Berbeda dengan kebutuhan terbatas terhadap kayu dari kawasan hutan oleh umumnya
masyarakat biasa, tidak seberapa parah dibanding perusahaan pemegang izin
konsesi hutan. Deforestasi dan degradasi hutan di Maluku harus diakui adalah akibat kegiatan
penebangan besar-besaran oleh perusahaan-perusahaan yang diberi izin resmi, dan penjahat perambah
hutan yang dibiayai jaringan mafia pengusaha pedagang kayu. Bukan oleh masyarakat biasa
umumnya, apalagi oleh masyarakat adat pemilik hak ulayat atas hutan setempat.

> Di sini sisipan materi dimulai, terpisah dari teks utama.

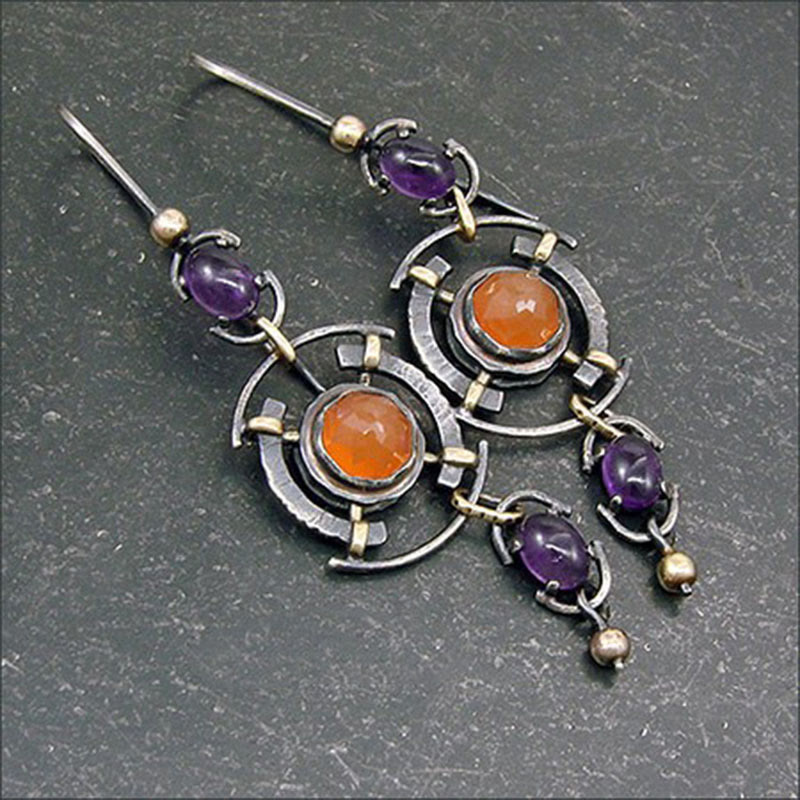 Olivenorma Retro Disc Hollow Inlaid Crystal Witch Earrings - image 1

Masyarakat Adat di Maluku selama ini adalah yang paling berperan aktif menjaga hutan
mereka, sehingga bisa lestari dari generasi ke generasi, hingga negara hadir
dengan kewenangan yang diatur sepihak melalui regulasi oleh rezim penguasa.
Masyarakat adat baru sadar akan kehilangan hutan-hutan mereka, ketika
dikejutkan dengan kehadiran alat dan mesin-mesin modern penghancur hutan di wilayahnya.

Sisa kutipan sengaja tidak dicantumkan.